Reasons to watch episodes of Ghost Whisperer with any interest whatsoever: Jay Mohr is good; there’s an amazing episode with Nikki Cox; I’m trying to think of one more reason to edit in, but I can’t. And for the first couple seasons, every scene was shot strategically so that Hewitt’s hips were never visible (there’s a drinking game in there somewhere).
But set your Tivos for this Friday’s October 17 episode, “Ghost in the Machine”!

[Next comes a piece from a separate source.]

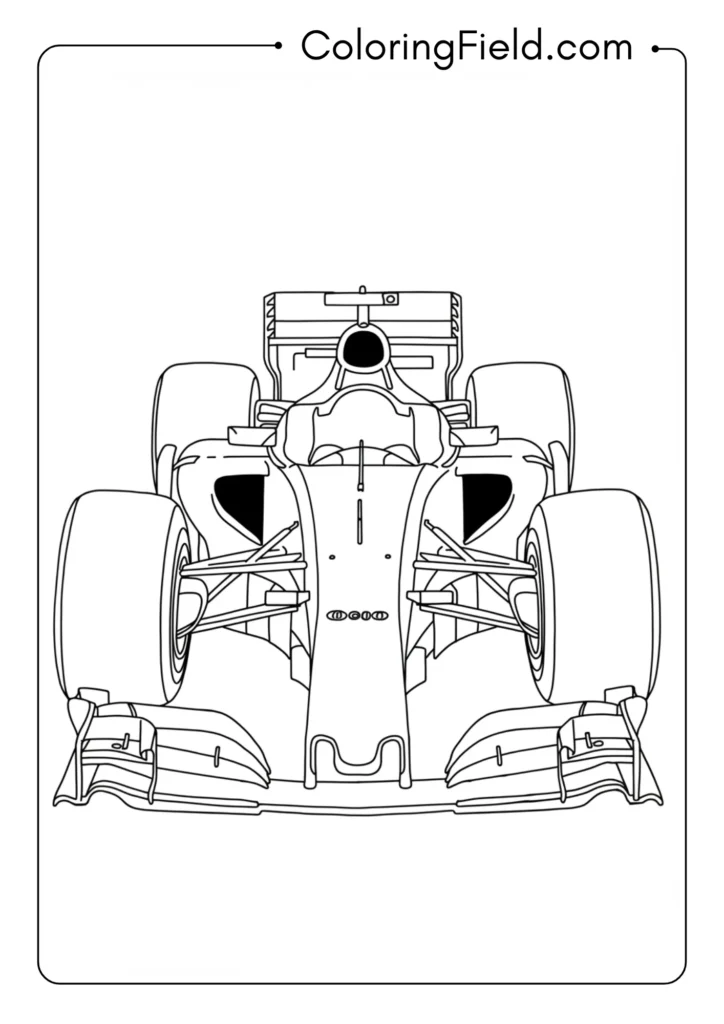 F1 Car Front View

In reading various synopses, I have gleaned that a “ghost” is luring girls to a gaming “social networking website”. The trouble all starts when the main character checks out “Virtual Life” on the computer and a ghost “avatar” flies out of the monitor. Later, during another visit to “Virtual Life,” the main character’s “avatar” gets into a physical fight with the ghost’s “avatar.” The main character begins her investigation, and she meets someone named Ned on “Virtual Life” to “play DDR.”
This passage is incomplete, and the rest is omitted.